Personally, I find places with tree canopies to be noticeably cooler during the summer. In places with urban heat islands, the tree canopy provides relief.

I’ve linked the current Urban Forestry Program: 5 year plan.

If you wanted to nerd out on ArcGis: View our tree canopy here.

The City of San Diego added one Urban Forester within the past few years. That’s one person for a huge city with little funding allocated.

When it comes to planting and maintaining trees in our region there are some key areas to address:

  1. Workforce development to properly train folks how & when to plant trees
  2. Community education on benefits of trees, cost, & frequency of watering
  3. Funding and public-private partnerships to get it done.

Tree San Diego and the City have relied heavily on CALFIRE grants to plant and water trees. We should do more as a City. There is a huge opportunity for jobs, reduction in energy use, and increased quality of life. The two biggest gaps I see are lack of watering comprehension and lack of trees planted on private property.

Does planting more trees make neighborhoods more susceptible to fire?

I thought this ought to be addressed. The short answer is: It does if they aren’t maintained and the trees fall on power lines. That is how many of the recent fires started up-and-down the state. So what should we do?
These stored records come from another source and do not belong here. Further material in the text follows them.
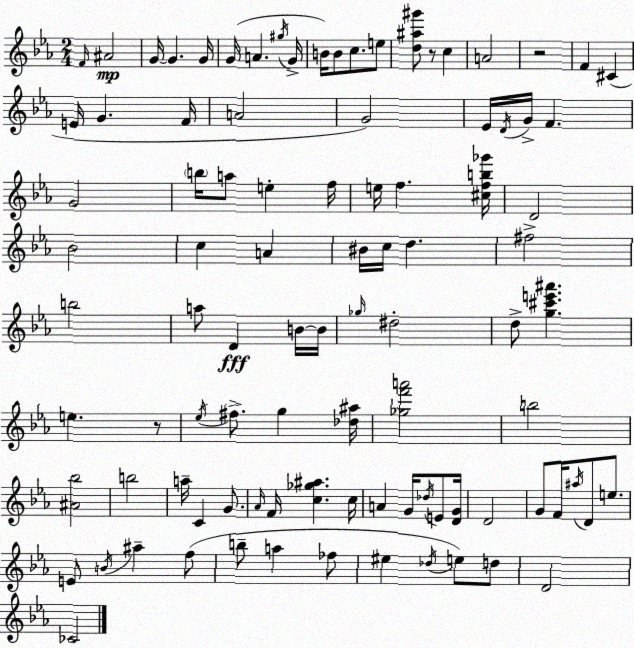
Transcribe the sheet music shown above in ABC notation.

X:1
T:Untitled
M:2/4
L:1/4
K:Eb
F/4 ^A2 G/4 G G/4 G/4 A ^g/4 G/4 B/4 B/2 c/2 e/2 [d^a^g']/2 z/2 c A2 z2 F ^C E/4 G F/4 A2 G2 _E/4 D/4 G/4 F G2 b/4 a/2 e f/4 e/4 f [^cfb_g']/4 D2 _B2 c A ^B/4 c/4 d ^f2 b2 a/2 D B/4 B/4 _g/4 ^d2 d/2 [g^c'e'^a'] e z/2 _e/4 ^f/2 g [_d^a]/4 [_gf'a']2 b2 [^A_b]2 b2 a/4 C G/2 _A/4 F/4 [c_g^a] c/4 A G/4 _d/4 E/2 [DG]/4 D2 G/2 F/4 ^a/4 D/2 e/2 E/2 B/4 ^a f/2 b/2 a _f/2 ^e _d/4 e/2 d/2 D2 _C2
Step 1: defensible space around all structures

Step 2: maintain trees properly, and promptly remove dead or dying trees, which become fire fuel

Step 3: Get rid of investor owned utilities

Also, read this: Want to Fireproof your house?

I will ensure the Urban Forestry program gets increased funding, staffing time, and effort. San Diego needs to generate a strong long-range plan to achieve stated goals.

We should look at examples of places that have done it well: Sacramento has excellent programs of tree giveaways. They mastered planting trees and shifting community consciousness.

We also have to look introspectively at our personal relationships with trees. As a kid, I thought it was odd that my dad grew trees and vegetables in our backyard, until I realized other Chinese families did this as well. There’s an established internal relationship with nature that my dad inherited from his childhood.

I hope our tree culture and best practices become something worth passing down to future generations.